Su palabra absoluta, intransigente, rompe toda medida, enfrentándonos con la imagen más solitaria y trágica de nosotros mismos. Su intención era que todo eso concluyera en la entrega sin condiciones a Dios, pero los caminos por los que aspira a conducirnos a este fin son tan escépticos e inhumanos que inevitablemente provoca el rechazo.
¿Somos así? ¿Cañas pensantes, sombras inconscientes de vanidad, distraídas, «divertidas» —es decir, desviadas, según su famosa expresión— con los juegos más fútiles, la caza, el billar, la pelota? ¿Qué pensaría Pascal del fútbol, de las revistas ilustradas, de la televisión, de la pornografía, del sufragio universal? ¿Qué sentencias atroces de severidad no tendría para un género de vida que recomienda la «relajación», la frivolidad, el ocio, el placer?
Y no obstante, hoy como antaño seguimos leyendo a Pascal —y muchísimo más que a Voltaire, que parece más acorde con la vida moderna—, refunfuñando por sus excesos, oponiéndole mentís, reservas, objeciones; pero continuamos leyéndole fascinados, más que por la certeza de todo lo que nos dice, por la fuerza irresistible de su llamada a interesarnos de veras por qué somos, de dónde venimos, adonde vamos.
No soluciona nada, no explica nada —o al menos no explica nada convincentemente—, nos irrita con su mezcla de lucidez y patología, de criterios científicos y de actitudes absolutas y desencarnadas, con su hosquedad a un tiempo inteligente y cerril, ingenua y hondísima, pero le necesitamos como una amarga medicina que preserva de las comodidades mentales.
Creyentes y agnósticos, escépticos y hombres de fe, filósofos y lectores del montón, todo el mundo pasa por él, se irrita, le corrige o le contradice, pero pasa por él, y esta experiencia le transforma en mayor o menor medida; luego vuelve a sus convicciones, a sus negativas o a sus dudas, pero jamás olvidará del todo esa extraña interpelación a las actitudes últimas del hombre.
«Yo venero en Pascal el arquetipo mismo del creyente que cree al pie de la letra, que sabe que lo que le han enseñado es verdad, y no hay que imaginarse que eso es muy corriente en la Iglesia», dice Frangois Mauriac en las Memorias interiores, y a su manera el juicio no es disparatado, aunque sólo alude a la faceta más favorable del escritor.
Pero otro católico, Claudel, también tiene razón cuando explica a Gide en una de sus cartas: «Lo que reprocho a Pascal es haber maltratado y calumniado la naturaleza humana, no sólo la manchada por el pecado, sino incluso la creada por Dios y glorificada por la gracia.

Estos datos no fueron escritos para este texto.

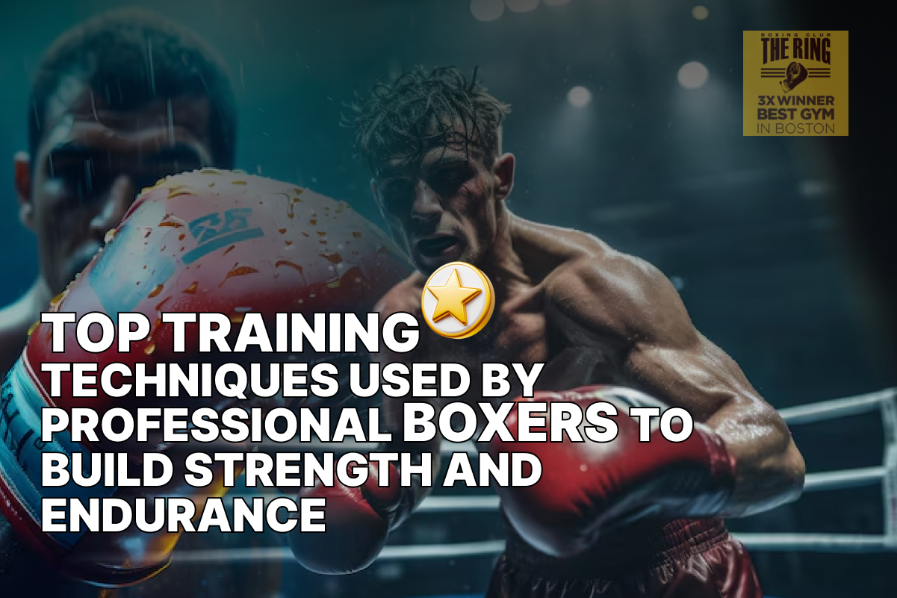 How Professional Boxers Prepare for Big Fights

Eso no es un cristianismo, es un mal humor de enfermo».
Ésta es otra perspectiva del personaje, la relación de su obra con una biografía llena de paradojas. Lo que sabemos de él, mediatizado por el fervor familiar, por los recelos (muy justificados), de la ortodoxia, por la interminable polémica jansenista que aún colea, por las interpretaciones de los estudiosos modernos, ofrece una imagen difícil de explicar.
Incómodo e incompleto, extraño y apasionante, Pascal nos ofrece una de esas lecturas que pueden hacernos sentir vértigos angustiosos, pero que restablecen en su justa medida el valor que hay que atribuir a cada preocupación; sería una imprudencia abandonarnos sin más a la enseñanza crispada y oscura de su misantropía, pero no haberle leído equivale a renunciar a un mensaje sustancial.
Sobre todo en los tiempos que vivimos, inundados de banalidad que nos avasalla desde los medios de información. Por eso conviene recordar lo que decía un personaje de Proust, que recomendaba irónicamente en vez de leer el periódico todos los días y a Pascal una vez al año, invertir los términos, leer cotidianamente a Pascal y hojear muy por encima una vez al año un periódico cualquiera.